The Landloper: The Romance of a Man on Foot

Chapter 2

Chapter 24,323 wordsPublic domain

“I am sincere. I am not trifling. I have pondered on this for a long time. I shall be misjudged--but I shall not be afraid!”

III

KNIGHT-ERRANTRY TESTED

The two marched on, side by side, and Walker Farr, piecing in his mind, from the scraps he had heard, the entire history of the Chick family, indulged the whim of Jared and forgot for a moment the grotesque figure presented by his companion.

“No, I am not afraid!” repeated the new apostle of world harmony.

But it became promptly apparent that Mr. Chick could not communicate his intrepidity to other creatures.

Around the bend of the road came a sleepy horse, stubbing his hoofs into the dust, dragging a wagon in which rode a farmer and his wife.

The horse became wide awake at sight of Mr. Chick.

With head up, eyes goggling, nostrils dilating, and mane erect, the animal stopped short on straddled legs. Then he snorted, whirled, took the wagon around in a circle on two wheels in spite of the farmer's endeavors, and made off in the opposite direction, the driver pulling hard on the reins, hands above his head, elbows akimbo.

“It occurs to me, Friend Chick,” said his companion, after the outfit had disappeared, “that in planning this pilgrimage of yours you have failed to take everything into account. If that farmer-man and his wife pile into the ditch and break their necks, then all your general mediating in other quarters will hardly make up for the damage you have caused right here.”

“The world is full of problems,” sighed the man in armor. “There seems to be a hitch to about everything!”

After a few moments the farmer came pelting into sight on foot.

“What in the name of bald-headed Nicodemus do you call yourself, and what are you trying to do?” he shouted. “It's only by luck and chance and because the webbin's held that me and my wife ain't laying stiff and stark in the ditch.”

“I am sorry,” said friend Chick with dignity.

“Get a hoss used to bicycles, flying-machines, red whizzers and blue devils, and then along comes something else that ain't laid down in the back of the Old Farmer's Almanick! You there, the one that ain't crazy, what's this thing you're teaming round?” the farmer demanded, addressing Farr.

“In this case I am not my brother's keeper,” stated the young man.

“Well, where is his keeper, then? He needs one.” He walked around Chick and rudely rapped his whip-butt on the breastplate. “If I wasn't afraid of spraining a toe I'd boot you from here to hackenny, you old two-legged cook-stove!”

“If there has been damage done, I'll pay for it.”

“There isn't any damage and I'm not looking for anybody's money. But there _will_ be damage unless you get out of this highway. If you're in sight when I drive my hoss past here again I'll lick you, even if I have to use blasting-powder and a can-opener to get you out of that suit.”

Jared Chick went apart into the bushes and Farr accompanied him.

“This is a rather vulgar and discouraging adventure for high ideals to run into so soon,” averred the younger man.

“I am not discouraged.”

“I'm afraid you'll be even more greatly misunderstood.”

“I don't expect silly old horses to understand me. My appeal is to men.”

Farr sniffed scornfully. “You'd better let men alone,” he advised.

“The world needs pure unselfishness,” insisted Chick.

“The purer it is the more it is misunderstood. I have tested the matter.
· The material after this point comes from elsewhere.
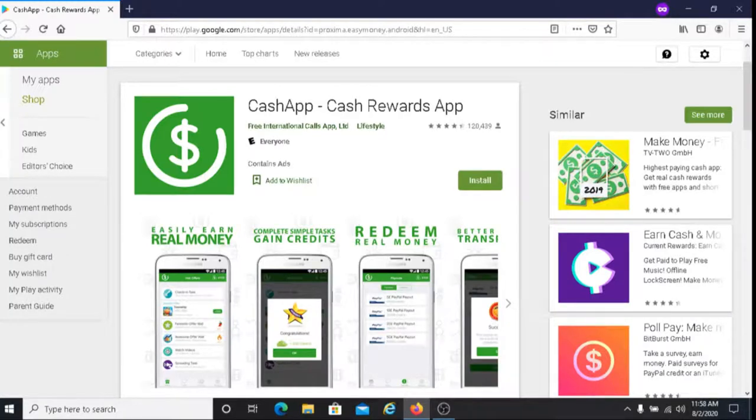This is Dave from Dave's Ways to Make Money. For today's video, I'm going to be sharing with you how to make money with Cash App. With Cash App, you get paid to try free apps. You can also earn cash for completing tasks such as watching videos, completing surveys, and giving opinions.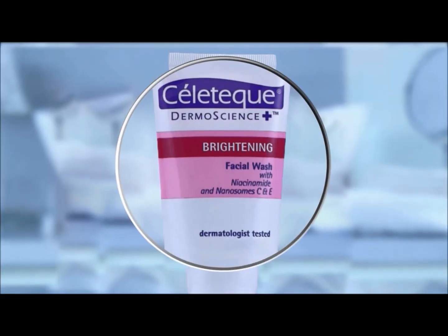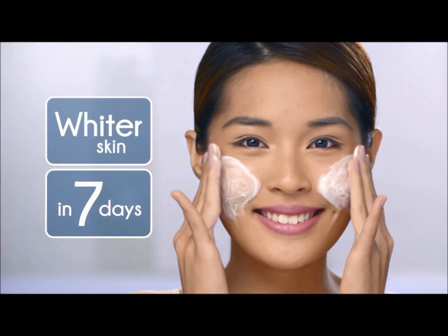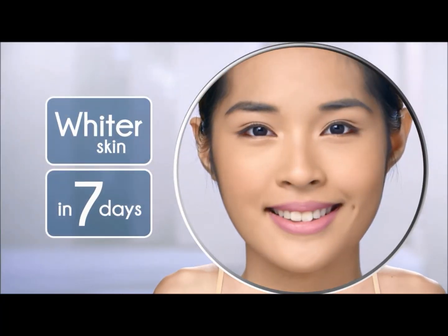Want whiter skin? Try Celotec Brightening Facial Wash for whiter skin in seven days. Try it. Love it.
I know.”

“Then you yourself would not go forth into the world and do good to men, without calculation and without price?”

“I don't think I would,” declared Farr, dryly. “And I am so little interested in the matter that I think you'll have to excuse me from further talk about it. You have just had one illustration in a crude way of how the world misunderstands anything that's out of the ordinary.”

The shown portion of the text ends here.